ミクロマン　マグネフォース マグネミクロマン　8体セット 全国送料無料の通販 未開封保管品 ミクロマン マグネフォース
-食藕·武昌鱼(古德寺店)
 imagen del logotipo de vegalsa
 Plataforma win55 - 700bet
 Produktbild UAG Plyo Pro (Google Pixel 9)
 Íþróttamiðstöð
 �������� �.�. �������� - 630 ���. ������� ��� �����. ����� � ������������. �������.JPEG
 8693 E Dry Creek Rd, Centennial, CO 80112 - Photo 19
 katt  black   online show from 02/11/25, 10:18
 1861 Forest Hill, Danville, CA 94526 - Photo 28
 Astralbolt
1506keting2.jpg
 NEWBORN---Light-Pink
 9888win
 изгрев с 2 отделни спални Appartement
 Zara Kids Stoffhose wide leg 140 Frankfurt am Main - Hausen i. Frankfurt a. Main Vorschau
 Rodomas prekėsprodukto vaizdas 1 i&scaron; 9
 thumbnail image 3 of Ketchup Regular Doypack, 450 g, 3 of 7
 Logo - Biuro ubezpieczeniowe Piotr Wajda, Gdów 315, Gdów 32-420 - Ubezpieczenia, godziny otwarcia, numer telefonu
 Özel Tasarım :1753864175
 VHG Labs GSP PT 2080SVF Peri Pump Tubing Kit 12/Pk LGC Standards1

┄┄┄┄┄┄

◆ DIRECTIONS FOR THIS TASK:
Scan the data for the string "Photo" and copy each line in which it occurs.

◆ ANSWER SECTION:
 8693 E Dry Creek Rd, Centennial, CO 80112 - Photo 19
 1861 Forest Hill, Danville, CA 94526 - Photo 28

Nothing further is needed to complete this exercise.